Tear gas, clashes, broken windows: Anti-labor reform protesters rally across France
Police have used tear gas to disperse activists in Paris who are protesting new labor reforms. In the city of Nantes demonstrators tried to storm the town hall and smash windows.
Scores of people have taken to the streets across France to once again voice their anger against recently proposed labor reforms. The demonstrators have reportedly clashed with police officers.
Students are rallying against labor law reforms recently proposed by Labor Minister Myriam El Khomri.
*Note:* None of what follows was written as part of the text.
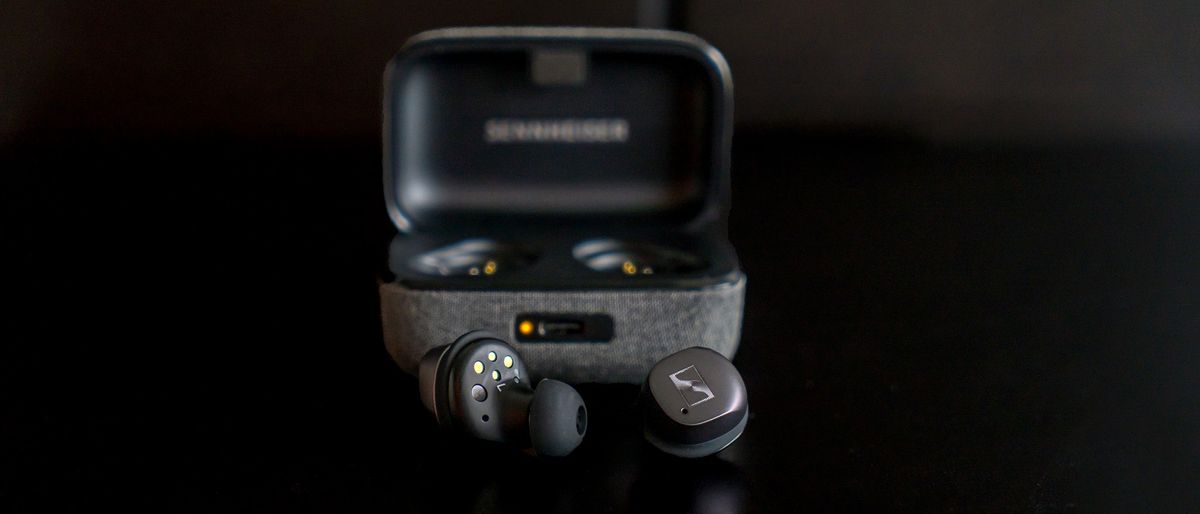 Sennheiser Momentum True Wireless 3 earbuds in front of their case.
The French authorities are desperately trying to battle high unemployment in the country, and have suggested cutting overtime pay for work beyond 35 hours.
Employers would pay only 10 percent of overtime bonus, instead of the current 25 percent, according to proposed reforms.
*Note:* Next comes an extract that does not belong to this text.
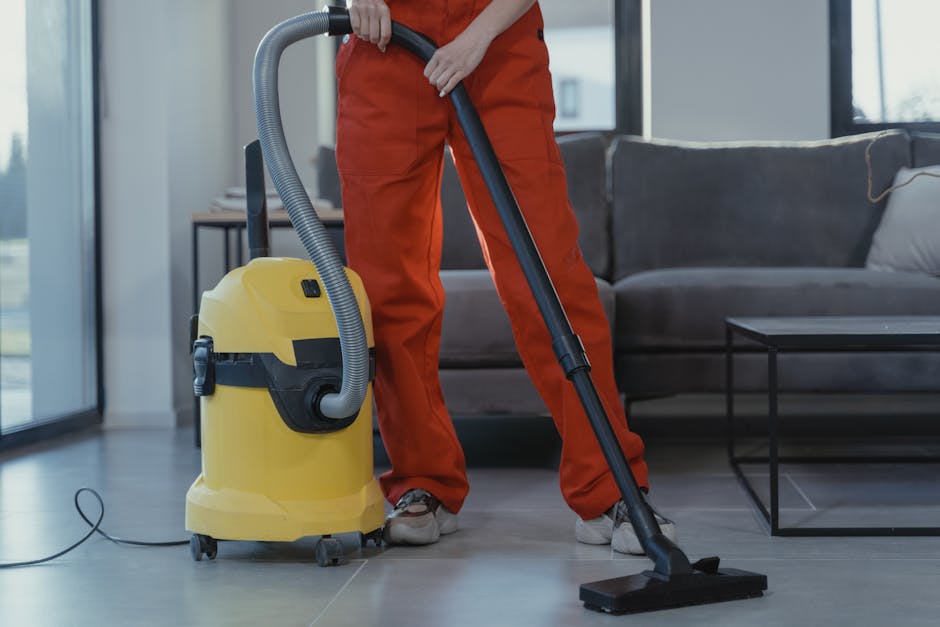 A person dressed in orange overalls is operating a yellow commercial carpet cleaner with a black hose attachment in a modern living room. The room features a large window letting in natural light, a dark gray sofa with light-colored cushions, and a black metal coffee table on a clean, tiled floor. The cleaning process appears thorough, with the vacuum head in contact with the floor surface, reflecting surface cleaning and deep cleaning undertaken by Carpet Cleaners SE11 in accordance with their residential and commercial cleaning services, focusing on hygiene and maintenance in the Kennington Park area.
The protests were partially organized by a Facebook community called ‘Loi travail: non, merci’ (Labor reform: No, thanks). Arguing that the reforms concern all French citizens, the group has started a petition, which has so far been signed by over one million people.
Earlier, French President Francois Hollande said the reforms would help employees “have more job stability.”
“We must also give companies the opportunity to recruit more, to give job security to young people throughout their lives, and to provide flexibility for companies,” he said.
In the city of Nantes protesters have smashed the windows of local shops and the city hall, photos on social media show.
In Paris the protest started in Place de la Nation, the same place where previous anti-labor rallies took place. The demonstrators threw bottles with flammable liquid and stones at police officers.
“Everyone hates the police,” the protesters were shouting.
At least two protesters have been beaten by police officers in the city of Lille, according to photo reporter Julien Pitinome, who tweeted a picture of the incident.
The protesters in Lille also started a fire during the rally, local media said.
More than 260 protests are taking place in France, the Local reported.
The head of the General Confederation of Labor, Philippe Martinez, promised "an enormous number of people" would take to the streets on Thursday.
"All workers are directly affected by the labor reform bill," he said.
Several arrests have been made during the protests, BFMTV reported, citing police sources.